### Records for processing
____________________

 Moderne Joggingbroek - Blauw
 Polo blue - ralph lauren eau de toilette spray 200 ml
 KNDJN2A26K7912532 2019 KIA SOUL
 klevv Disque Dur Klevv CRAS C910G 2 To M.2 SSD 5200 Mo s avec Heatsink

____________________

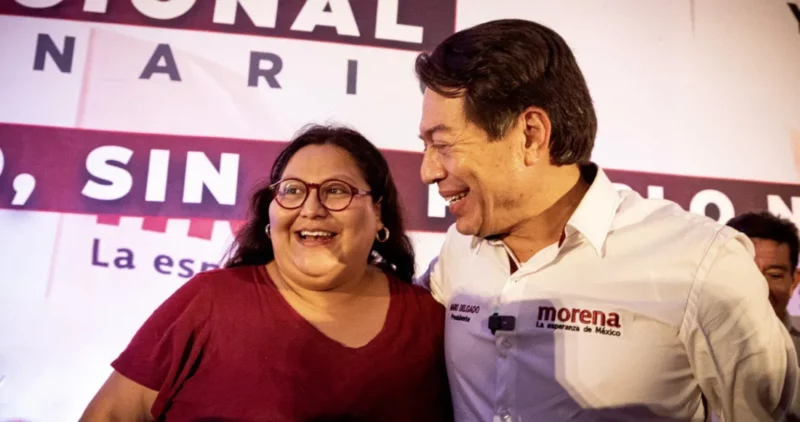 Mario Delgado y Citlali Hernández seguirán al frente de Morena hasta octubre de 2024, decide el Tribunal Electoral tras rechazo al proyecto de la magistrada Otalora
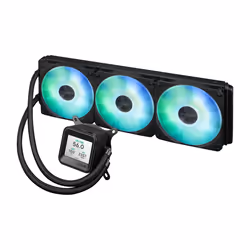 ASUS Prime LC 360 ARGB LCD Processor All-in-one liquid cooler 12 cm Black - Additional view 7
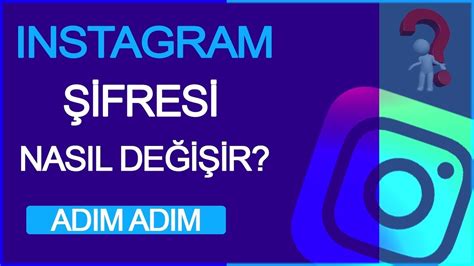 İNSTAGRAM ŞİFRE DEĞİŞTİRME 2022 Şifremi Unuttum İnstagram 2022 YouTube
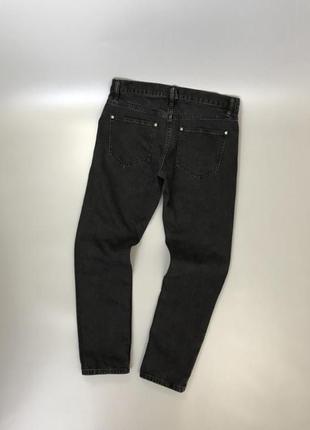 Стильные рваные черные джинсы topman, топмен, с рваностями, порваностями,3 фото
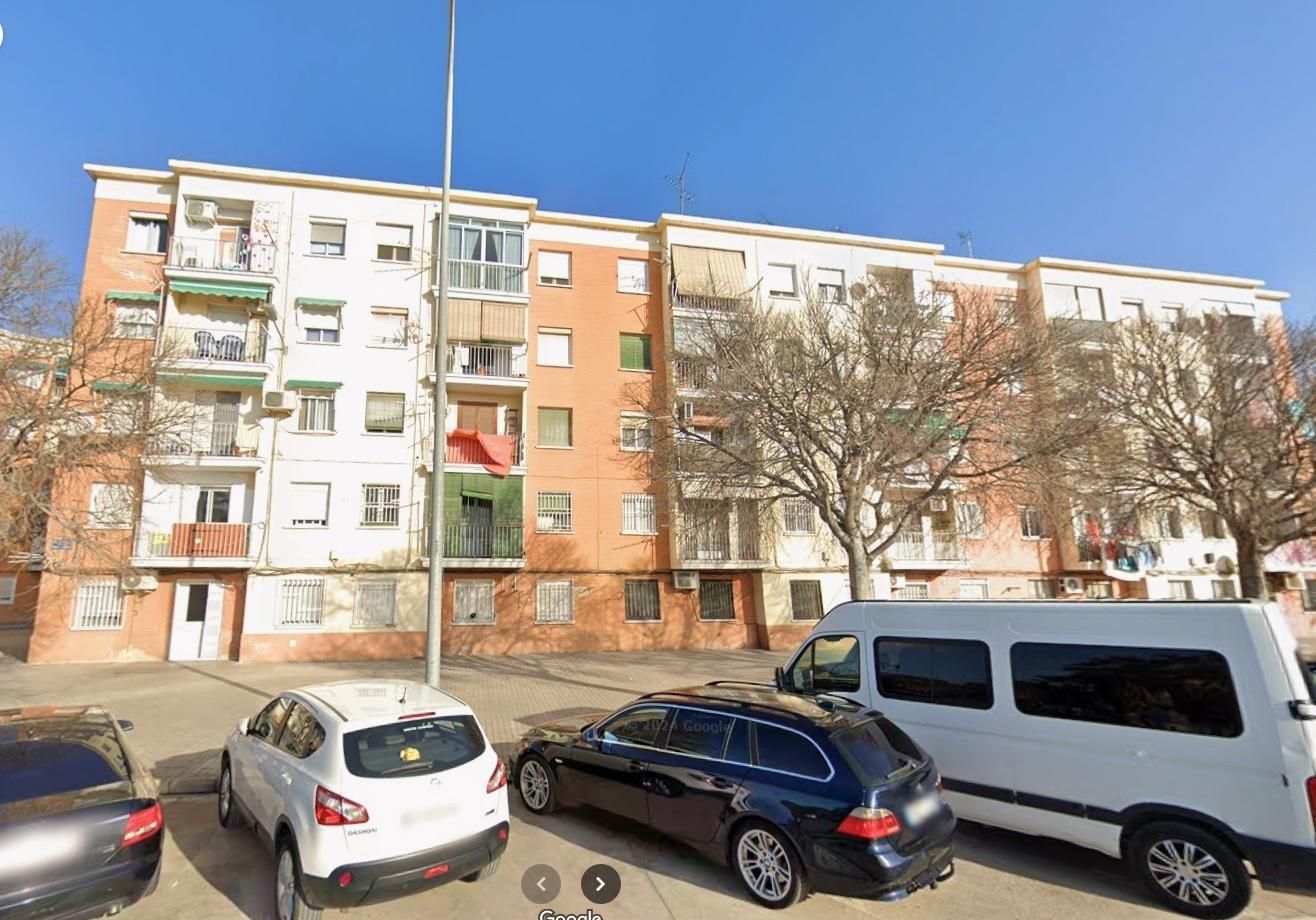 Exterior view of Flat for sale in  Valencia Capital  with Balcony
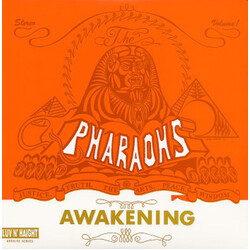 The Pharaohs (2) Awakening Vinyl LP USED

____________________

### Instructions for the task
I would like the exact lines from the data above, starting with the one that holds "Mario Delgado y" and going on through the one that holds "The Pharaohs (2) Awakening Vinyl LP USED", without the pictures.

### Exercise solution
 Mario Delgado y Citlali Hernández seguirán al frente de Morena hasta octubre de 2024, decide el Tribunal Electoral tras rechazo al proyecto de la magistrada Otalora
 ASUS Prime LC 360 ARGB LCD Processor All-in-one liquid cooler 12 cm Black - Additional view 7
 İNSTAGRAM ŞİFRE DEĞİŞTİRME 2022 Şifremi Unuttum İnstagram 2022 YouTube
 Стильные рваные черные джинсы topman, топмен, с рваностями, порваностями,3 фото
 Exterior view of Flat for sale in  Valencia Capital  with Balcony
 The Pharaohs (2) Awakening Vinyl LP USED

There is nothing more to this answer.